| Lucia Silecchia

AI promises to save us time, but what will we do with it?

In recent years, the arrival of A.I. has exploded as a topic of discussion, question, excitement and fears. Ahead of Pope Leo XIV's Magnifica Humanitas publishing this month, A.I. has been a subtle, largely unnoticed part of our lives for a long time.

But, in 2023, when the viral launch of the seductively user-friendly ChatGPT brought A.I. into our homes, schools and offices, we were forced to confront the far more profound impacts of A.I, for which ChatGPT plays only a minor part.

I find myself thinking a great deal about what A.I. might mean in academic life as both help and hinderance to my students’ education and what its implications are for academic integrity and the future of scholarly research and writing. I also struggle with deciding what I should be teaching my students about using A.I., knowing that their employers and clients will expect that they will productively harness this enormous power in the workplace.

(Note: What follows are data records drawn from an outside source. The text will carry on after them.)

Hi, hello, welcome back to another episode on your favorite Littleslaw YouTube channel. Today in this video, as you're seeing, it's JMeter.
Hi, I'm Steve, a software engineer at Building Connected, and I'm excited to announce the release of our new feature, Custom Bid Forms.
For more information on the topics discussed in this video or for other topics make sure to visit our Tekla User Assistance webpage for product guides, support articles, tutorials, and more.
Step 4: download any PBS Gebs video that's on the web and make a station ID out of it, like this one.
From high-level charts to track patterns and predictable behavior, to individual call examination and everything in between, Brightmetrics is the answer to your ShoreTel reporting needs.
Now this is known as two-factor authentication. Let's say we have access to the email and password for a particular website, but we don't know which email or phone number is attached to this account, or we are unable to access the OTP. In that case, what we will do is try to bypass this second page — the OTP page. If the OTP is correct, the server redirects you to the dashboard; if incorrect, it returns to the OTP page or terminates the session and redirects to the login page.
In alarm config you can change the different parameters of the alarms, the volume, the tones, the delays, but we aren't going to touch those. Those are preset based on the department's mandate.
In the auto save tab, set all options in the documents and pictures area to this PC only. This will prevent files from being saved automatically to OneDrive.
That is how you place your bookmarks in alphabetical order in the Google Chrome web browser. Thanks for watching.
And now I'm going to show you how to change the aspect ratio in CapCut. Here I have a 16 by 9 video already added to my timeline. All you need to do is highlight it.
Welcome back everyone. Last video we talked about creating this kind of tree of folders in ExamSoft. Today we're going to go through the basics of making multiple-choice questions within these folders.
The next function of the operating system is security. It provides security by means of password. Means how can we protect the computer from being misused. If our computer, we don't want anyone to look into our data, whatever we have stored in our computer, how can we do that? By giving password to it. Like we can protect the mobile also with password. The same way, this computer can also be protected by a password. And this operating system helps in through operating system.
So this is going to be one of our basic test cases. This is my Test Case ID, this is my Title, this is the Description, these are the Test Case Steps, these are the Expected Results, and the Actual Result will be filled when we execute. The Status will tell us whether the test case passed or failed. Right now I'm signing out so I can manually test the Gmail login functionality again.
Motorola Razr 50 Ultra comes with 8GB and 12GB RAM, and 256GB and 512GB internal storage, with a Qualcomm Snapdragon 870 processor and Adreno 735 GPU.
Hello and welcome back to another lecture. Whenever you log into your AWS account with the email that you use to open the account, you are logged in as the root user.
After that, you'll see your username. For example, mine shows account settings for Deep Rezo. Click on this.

Others who are far wiser and more experienced than I am are thinking deeply about the much broader and deeper implications of A.I. today and tomorrow. Indeed, Pope Leo XIV is at the heart of many contemporary discussions on the profound ethical questions raised by this new tool, with his first encyclical devoted to it. What will A.I. mean for human agency and accountability? How easy will it be to manipulate A.I. to exert profound social influence? 

In deep moral quandaries posed by such things as medical care and warfare, how could A.I. lead decision-makers down paths we should not go? What will A.I. do to shape our understanding of personhood and of human values? How close might we be to creating a technology that we may not be able to control? What will happen to human wisdom? Intriguingly, we have named this creation “artificial intelligence” not “artificial wisdom.” Does this acknowledge that wisdom is uniquely irreplaceable?

I do not know.

But there is another, far more mundane question that has not yet received much attention — largely, I think, because it is not a new question raised by A.I. but an old question asked with the advent of all new technology. This question is, simply, what will we do with all the time A.I. should save us? One of the main reasons that students, employers, researchers and others embrace A.I. is the promise that it will save us time by taking mundane tasks off our plates and handling complex jobs faster than we could on our own. All of this, we are promised, will save us time.

This same hope is one we hear any time that innovative technology makes a task faster and easier. When I compare my daily life to that of my grandparents, I see that in the span of merely two generations, the work that filled their days can be done far faster and more easily today. 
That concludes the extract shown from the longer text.